There is Also an Authenticated Persistent Cross-Site Scripting (XSS) Vulnerability in Social Warfare
Last week through our proactive monitoring of changes made to WordPress plugins in the Plugin Directory to try to catch serious vulnerabilities we found a vulnerability that would be likely to be exploited in the plugin Social Warfare, which has 70,000+ active installations according to wordpress.org. Due the continued unwillingness of Matt Mullenweg or anyone on the WordPress team to rein in the inappropriate behavior of the moderators of the WordPress Support Forum the vulnerability got full disclosed and a lot of websites got hacked when they didn’t need to. The plugin was removed from the Plugin Directory after our disclosure and subsequently restored with the vulnerability removed, but the insecure code that surrounded it remained unchanged. That seems like something that team running the Plugin Directory should have caught since our post went through what the insecure code was, but they don’t seem to have a great grasp of security, which the inappropriate behavior of the moderators of the Support Forum helps to hide.
To give us a better understanding of the how secure or insecure in general a plugin that had such an easily spotted serious vulnerability is, we did some more checking over the plugin. What we found is that the code had numerous security issues and there clearly wasn’t a consistent handling of security in the plugin. The code also seems like it is need of cleanup, as in one place we found insecure code that appears to relate to functionality that isn’t even active in the plugin anymore.
If someone wants an exhaustive security review of the plugin done, we offer just such a service for doing that, but for the moment let’s give you an example of a security vulnerability we found in that checking.
The plugin causes the function save_user_profile_fields() to run when a user is changing their profile settings:
93 | add_action( 'personal_options_update', array( $this , 'save_user_profile_fields' ) ); |
That function will set unsanitized user input to two settings for the user, “swp_twitter” and “swp_fb_author”:
93 94 95 96 97 98 99 100 101 | public function save_user_profile_fields( $user_id ) { if ( ! current_user_can( 'edit_user', $user_id ) ) { return false; } update_user_meta( $user_id, 'swp_twitter', $_POST['swp_twitter'] ); update_user_meta( $user_id, 'swp_fb_author', $_POST['swp_fb_author'] ); } |
While that should be sanitized, as long as the value is escaped when output that would avoid there being a vulnerability.
When the values are output on the Profile admin page, /wp-admin/profile.php, they are escaped:
66 | echo '<input type="text" name="swp_twitter" id="swp_twitter" value="' . esc_attr( get_the_author_meta( 'swp_twitter' , $user->ID ) ) . '" class="regular-text" />'; |
73 | echo '<input type="text" name="swp_fb_author" id="swp_fb_author" value="' . esc_attr( get_the_author_meta( 'swp_fb_author' , $user->ID ) ) . '" class="regular-text" />'; |
But, speaking of inconsistent handling of security, that doesn’t happen when the value is output on the frontend page authored by the user.
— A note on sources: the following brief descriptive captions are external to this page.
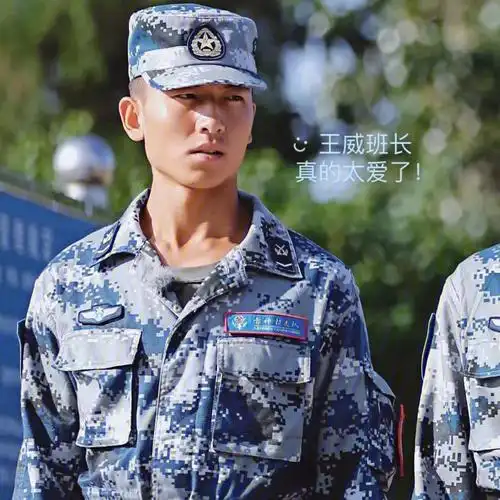 哇啊啊啊啊啊啊给王威队长的话92天呐,今天刷完真正男子汉,才知道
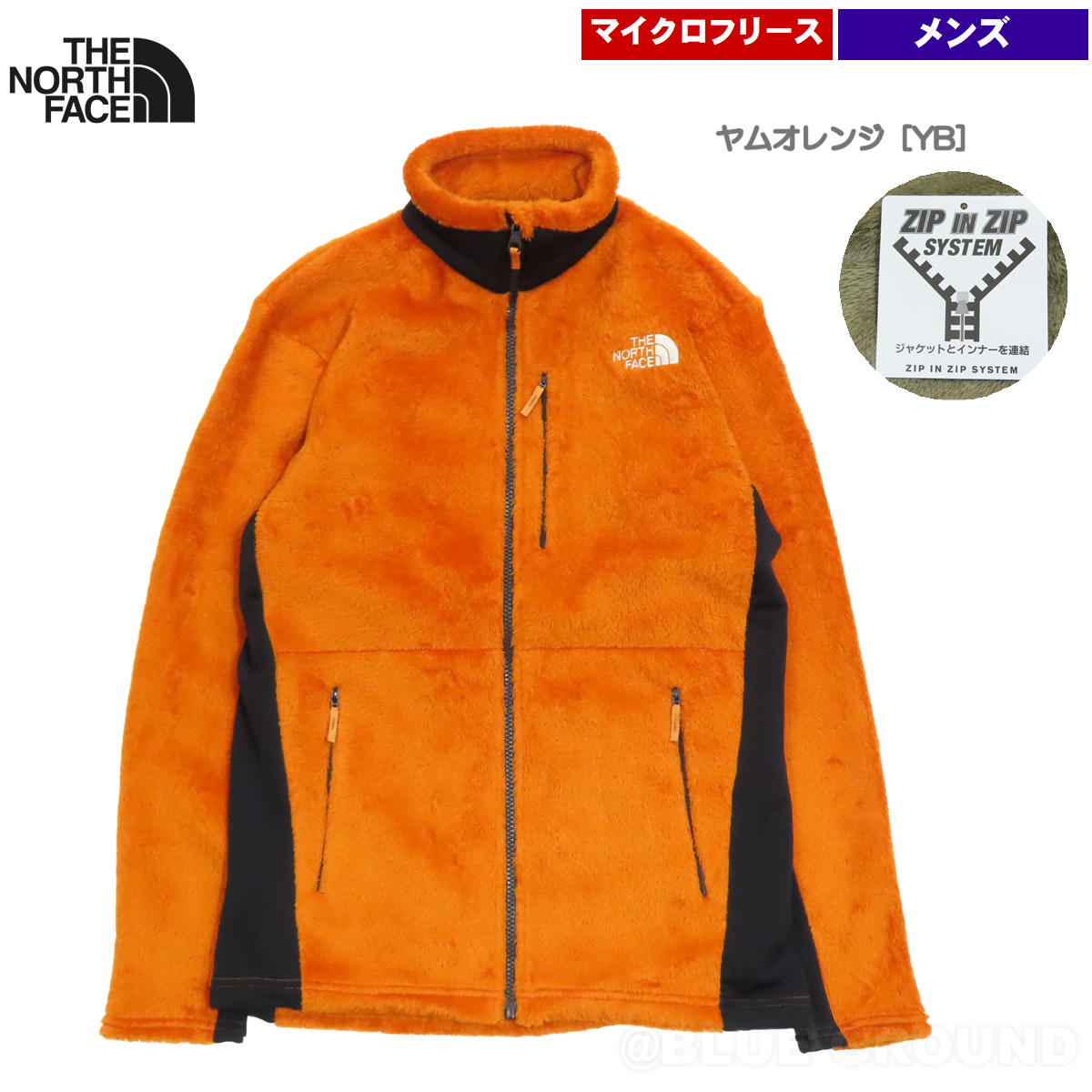 THE NORTH FACE（ザ ノースフェイス） 月末セール1%オフ ザ・ノース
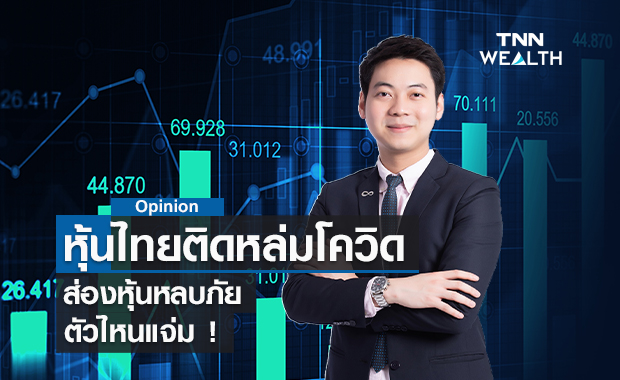 หุ้นไทยติดหล่มโควิด-ส่องหุ้นหลบภัยตัวไหนแจ่ม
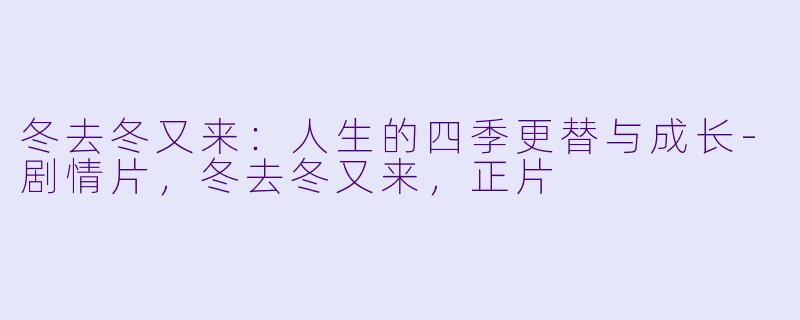 冬去冬又来:人生的四季更替与成长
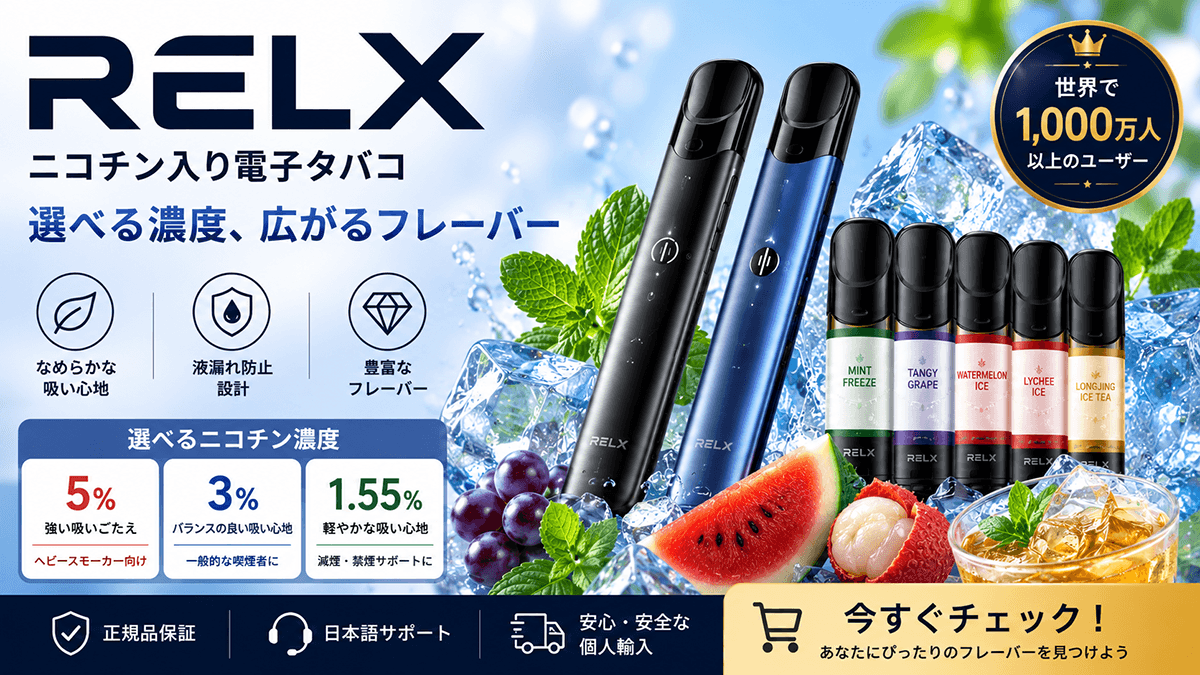 relx 電子タバコ ニコチン入り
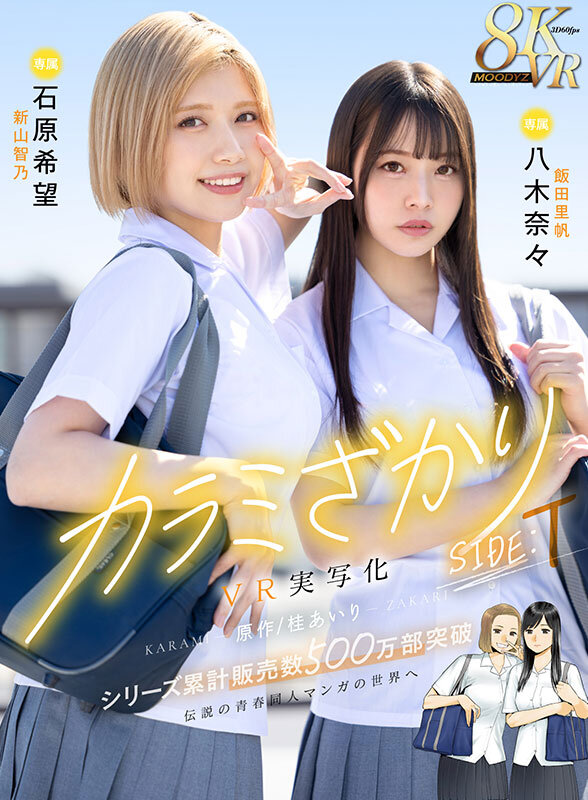 ＜JK＞ 【VR】カラミざかり SIDE:T VR実写化 原作/桂あい...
Which, since there is a lot of code that leads to that, we won’t through all the code, but you can see it in action with the proof of concept below. That is what is referred to an authenticated persistent cross-site scripting (XSS).
Due to the moderators of the WordPress Support Forum’s continued inappropriate behavior we are full disclosing vulnerabilities in protest until WordPress gets that situation cleaned up, so we are releasing this post and then only trying to notify the developer through the WordPress Support Forum. You can notify the developer of this issue on the forum as well. Hopefully the moderators will finally see the light and clean up their act soon, so these full disclosures will no longer be needed (we hope they end soon). You would think they would have already done that since a previously full disclosed vulnerability was quickly on hackers’ radar, but it appears those moderators have such disdain for the rest of the WordPress community that their continued ability to act inappropriate is more important that what is best for the rest of the community.
Proof of Concept
When logged in as an Author level user, set the value of the “Twitter Username” profile setting to:
"><script>alert("XSS");</script>
Then when visiting a post created by that user an alert box with the message “XSS” will be shown.